Priests?  Man, we take whining to the realm of art form.  But that's another article.

A lovely feast day today.

Friday, September 14, 2012

Exaltation of the Holy Cross

Metuchen is a odd diocese (for a number of reasons, but that's another article) in that we've had two priests who have undergone heart transplants.  The story of one of them, Fr. Edmund Luciano, has been written about in Catholic newspapers.

A virus caused his heart muscle to enlarge and weaken, to the point that his life was in danger.  His name was placed on the donor recipient list, and moved higher and higher as his heart grew weaker and weaker.  Finally, a heart became available due to a fatality and the family's agreeing to donate the deceased's organs.  The transplant was performed, and today Fr. Luciano is alive and well today.

Imagine it: One family devastated by a tragic death; another family elated by the chance for life.  Both families in tears for very different reasons.  The heart that stopped beating becomes the heart that once again sustains life.  The death of one causes the life of another.  That's the Cross.

Crucifixion was meant to be a humiliating, extended, public death.  Even if they committed a crime warranting death, Roman citizens had the right to be exempt from it.  Yet this is how Jesus Christ died for us.  No lethal injection.  No falling asleep and not waking up.  Nothing quick and pain-free.  A humiliating, extended, public death, for you and for me.

In spite of this, though, Catholics do not shun the Cross as a reminder of Jesus' death sentence.  Rather, we embrace the Cross, display the Cross, even trace the Cross on our bodies as an outward gesture that accompanies our prayer.  Practically, it takes lots of shapes and sizes in our lives: inconvenience, delay, a change in plans, grief, sickness, death, financial worries, etc.

Today is a great Feast day.

Thursday, September 13, 2012

Ode To My Splinter

This morning, I did some "home surgery" on my foot.

A few weeks ago, I took a splinter on the bottom of my foot here in the Rectory.  When I took my sock off, I saw a sliver of wood sticking out of my foot.  I took it out by hand, and thought I was done.  I was wrong.

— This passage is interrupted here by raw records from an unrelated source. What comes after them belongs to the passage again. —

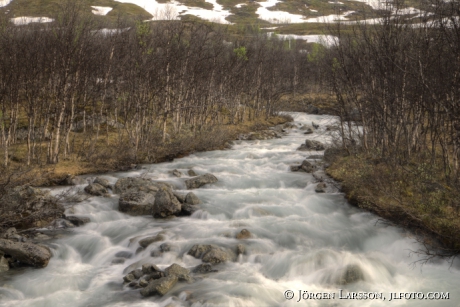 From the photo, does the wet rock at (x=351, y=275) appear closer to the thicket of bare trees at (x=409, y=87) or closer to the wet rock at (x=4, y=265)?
the thicket of bare trees at (x=409, y=87)

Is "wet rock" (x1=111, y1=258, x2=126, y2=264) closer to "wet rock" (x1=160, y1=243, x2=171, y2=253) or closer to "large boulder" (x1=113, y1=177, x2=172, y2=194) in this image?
"wet rock" (x1=160, y1=243, x2=171, y2=253)

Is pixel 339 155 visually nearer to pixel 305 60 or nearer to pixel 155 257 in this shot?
pixel 155 257

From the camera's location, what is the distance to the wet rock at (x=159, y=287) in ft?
26.1

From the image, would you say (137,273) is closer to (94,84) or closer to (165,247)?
(165,247)

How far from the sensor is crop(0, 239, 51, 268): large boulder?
9.16 m

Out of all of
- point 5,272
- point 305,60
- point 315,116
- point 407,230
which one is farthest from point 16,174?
point 305,60

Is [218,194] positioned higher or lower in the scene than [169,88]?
lower

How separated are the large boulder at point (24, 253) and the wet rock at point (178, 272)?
334cm

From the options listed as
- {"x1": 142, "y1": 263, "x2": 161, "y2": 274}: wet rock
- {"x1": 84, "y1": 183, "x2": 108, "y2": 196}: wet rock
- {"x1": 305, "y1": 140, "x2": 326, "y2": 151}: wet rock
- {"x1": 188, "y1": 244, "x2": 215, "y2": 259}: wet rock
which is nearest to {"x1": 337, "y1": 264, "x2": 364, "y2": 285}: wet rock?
{"x1": 188, "y1": 244, "x2": 215, "y2": 259}: wet rock

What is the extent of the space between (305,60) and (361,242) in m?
62.2

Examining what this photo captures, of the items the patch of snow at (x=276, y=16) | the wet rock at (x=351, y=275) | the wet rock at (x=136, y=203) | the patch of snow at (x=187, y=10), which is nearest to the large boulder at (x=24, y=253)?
the wet rock at (x=136, y=203)

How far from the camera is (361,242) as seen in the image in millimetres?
10859

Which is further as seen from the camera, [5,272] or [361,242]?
[361,242]

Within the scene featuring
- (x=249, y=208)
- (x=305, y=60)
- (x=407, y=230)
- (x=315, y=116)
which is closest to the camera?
(x=407, y=230)
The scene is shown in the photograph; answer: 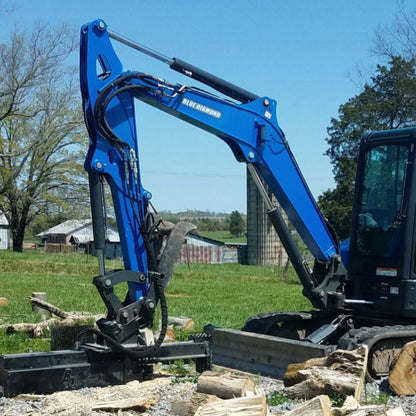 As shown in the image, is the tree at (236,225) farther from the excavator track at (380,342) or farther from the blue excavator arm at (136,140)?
the excavator track at (380,342)

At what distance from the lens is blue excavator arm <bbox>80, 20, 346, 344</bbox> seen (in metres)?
7.12

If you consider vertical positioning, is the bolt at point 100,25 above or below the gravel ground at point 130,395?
above

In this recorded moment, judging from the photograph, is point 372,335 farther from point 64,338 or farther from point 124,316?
point 64,338

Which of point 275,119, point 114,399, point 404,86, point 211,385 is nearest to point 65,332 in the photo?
point 114,399

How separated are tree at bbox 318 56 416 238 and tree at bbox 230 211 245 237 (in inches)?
1914

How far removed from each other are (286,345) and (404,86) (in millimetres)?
36689

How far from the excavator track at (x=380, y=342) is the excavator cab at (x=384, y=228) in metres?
0.28

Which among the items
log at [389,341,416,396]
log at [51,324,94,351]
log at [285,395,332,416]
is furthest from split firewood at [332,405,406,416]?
log at [51,324,94,351]

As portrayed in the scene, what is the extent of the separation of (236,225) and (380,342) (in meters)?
92.2

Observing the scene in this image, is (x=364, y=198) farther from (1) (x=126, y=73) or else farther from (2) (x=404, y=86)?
(2) (x=404, y=86)

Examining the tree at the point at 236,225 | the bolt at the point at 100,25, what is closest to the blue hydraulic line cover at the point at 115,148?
the bolt at the point at 100,25

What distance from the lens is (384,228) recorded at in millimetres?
8141

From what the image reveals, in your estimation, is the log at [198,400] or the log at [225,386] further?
the log at [225,386]

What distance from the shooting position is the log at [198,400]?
18.7 ft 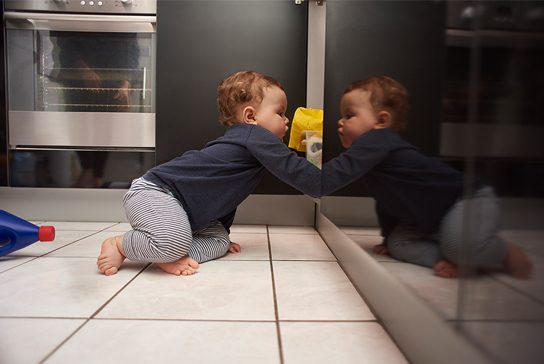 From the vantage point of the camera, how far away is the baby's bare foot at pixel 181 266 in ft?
3.09

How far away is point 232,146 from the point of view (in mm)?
1102

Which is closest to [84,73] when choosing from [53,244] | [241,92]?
[53,244]

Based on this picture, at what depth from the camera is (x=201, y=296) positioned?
0.78 meters

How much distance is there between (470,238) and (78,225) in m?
1.63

It's been bugging me for about two weeks now.  Not bad, but just enough that I always knew something was still there.  Finally this morning after my shower, with bright sunlight coming through my window giving me the perfect light for home surgery, I decided to go exploring in my foot.  There it was.  Amazing how a half-centimeter sliver of wood could make itself known every time I took a step.

The moral of the story: Sometimes what we think is insignificant is significant.  Sometimes what we have dismissed as being just a small moment of our life is a big thing to our psyche.

Take care of the little things, and you'll feel better.  I know I do.